Zhang Zixiao, Gong Yue, Gao Bo, Li Hongfei, Gao Wentao, Zhao Yuming, Dong Benzhi
College of Information and Computer Engineering, Northeast Forestry University, Harbin, China.
Department of Radiology, The Second Affiliated Hospital, Harbin Medical University, Harbin, China.
Front Genet. 2021 Dec 20;12:809001. doi: 10.3389/fgene.2021.809001. eCollection 2021.
Soluble N-ethylmaleimide sensitive factor activating protein receptor (SNARE) proteins are a large family of transmembrane proteins located in organelles and vesicles. The important roles of SNARE proteins include initiating the vesicle fusion process and activating and fusing proteins as they undergo exocytosis activity, and SNARE proteins are also vital for the transport regulation of membrane proteins and non-regulatory vesicles. Therefore, there is great significance in establishing a method to efficiently identify SNARE proteins. However, the identification accuracy of the existing methods such as SNARE CNN is not satisfied. In our study, we developed a method based on a support vector machine (SVM) that can effectively recognize SNARE proteins.

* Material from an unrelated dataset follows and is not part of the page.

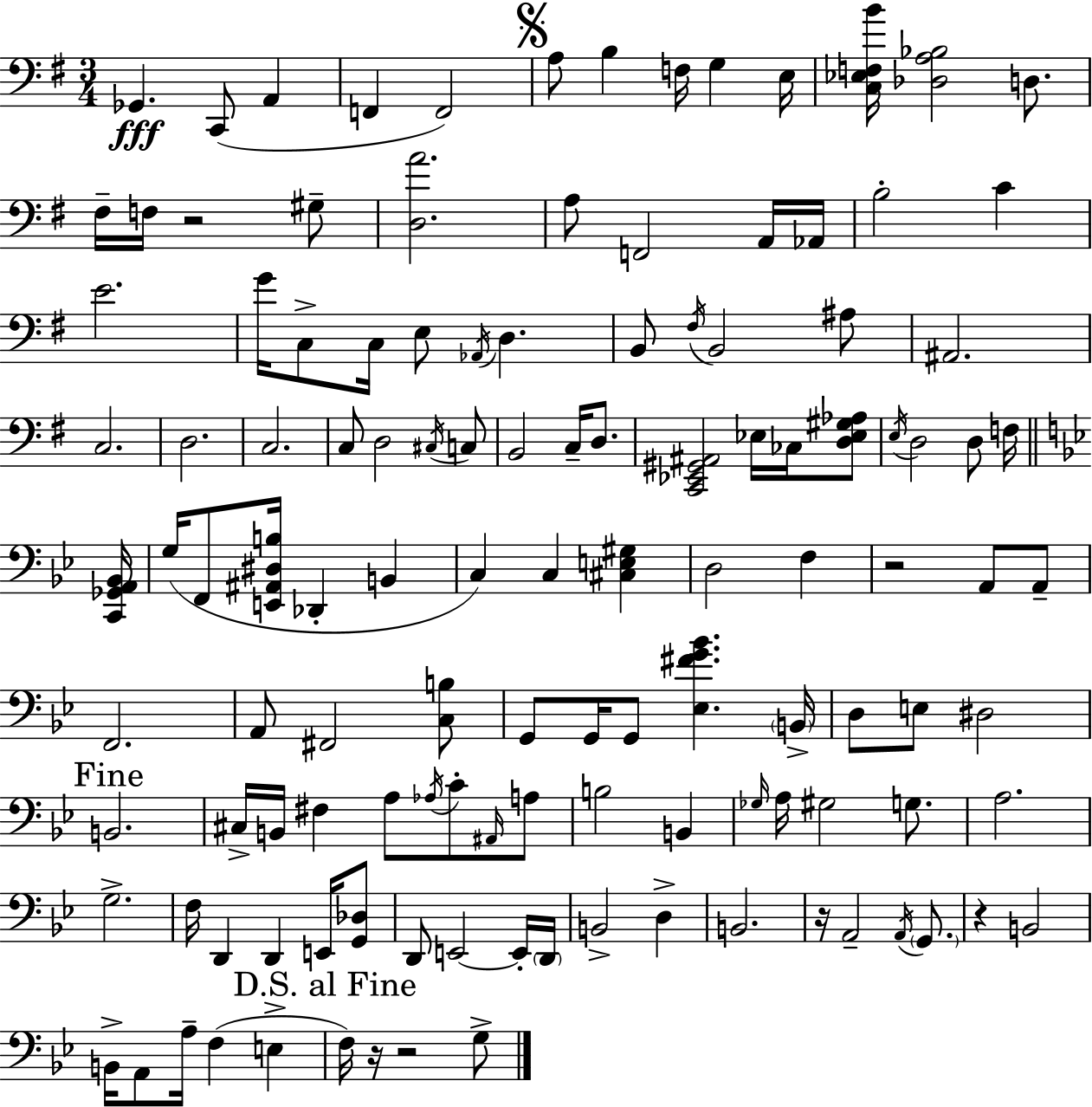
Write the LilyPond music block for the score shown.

We used the position-specific scoring matrix (PSSM) method to extract features of SNARE protein sequences, used the support vector machine recursive elimination correlation bias reduction (SVM-RFE-CBR) algorithm to rank the importance of features, and then screened out the optimal subset of feature data based on the sorted results. We input the feature data into the model when building the model, used 10-fold crossing validation for training, and tested model performance by using an independent dataset. In independent tests, the ability of our method to identify SNARE proteins achieved a sensitivity of 68%, specificity of 94%, accuracy of 92%, area under the curve (AUC) of 84%, and Matthew's correlation coefficient (MCC) of 0.48. The results of the experiment show that the common evaluation indicators of our method are excellent, indicating that our method performs better than other existing classification methods in identifying SNARE proteins.

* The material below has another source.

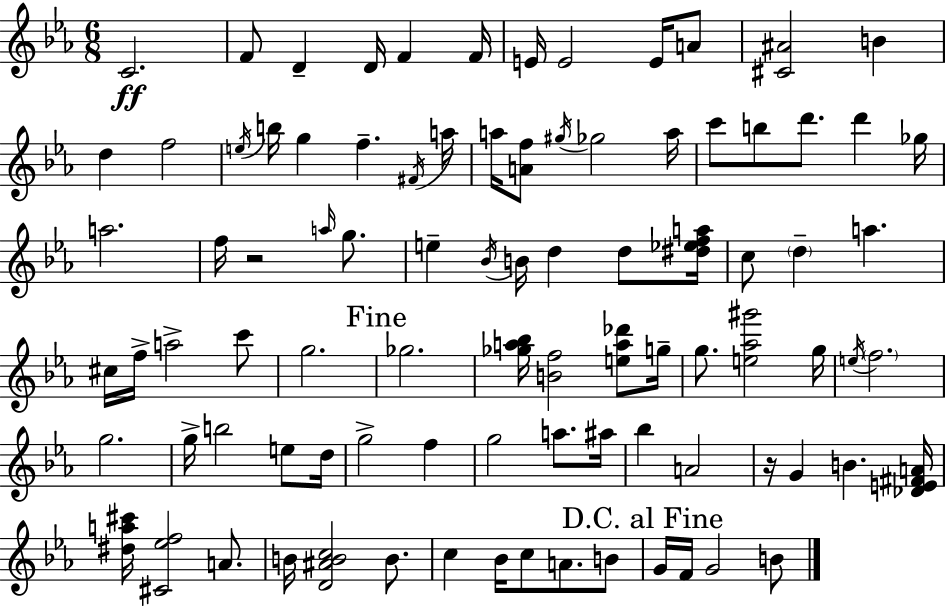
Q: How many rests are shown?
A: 2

可溶性N - 乙基马来酰亚胺敏感因子激活蛋白受体(SNARE)蛋白是位于细胞器和囊泡中的一大类跨膜蛋白。SNARE蛋白的重要作用包括启动囊泡融合过程以及在进行胞吐活动时激活和融合蛋白,并且SNARE蛋白对于膜蛋白和非调节性囊泡的运输调节也至关重要。因此,建立一种有效识别SNARE蛋白的方法具有重要意义。然而,诸如SNARE CNNCNN等CNN等现有方法的识别准确率并不令人满意。在我们的研究中,我们开发了一种基于支持向量机(SVM)的方法,该方法可以有效地识别SNARE蛋白。我们使用位置特异性得分矩阵(PSSM)方法提取SNARE蛋白序列的特征,使用支持向量机递归消除相关偏差减少(SVM - RFE - CBR)算法对特征的重要性进行排序,然后根据排序结果筛选出特征数据的最优子集。在构建模型时,我们将特征数据输入模型,使用10折交叉验证进行训练,并使用独立数据集测试模型性能。在独立测试中,我们的方法识别SNARE蛋白的能力达到了68%的灵敏度、94%的特异性、92%的准确率、84%的曲线下面积(AUC)以及0.48的马修斯相关系数(MCC)。实验结果表明,我们方法的常见评估指标优异,表明我们的方法在识别SNARE蛋白方面比其他现有分类方法表现更好。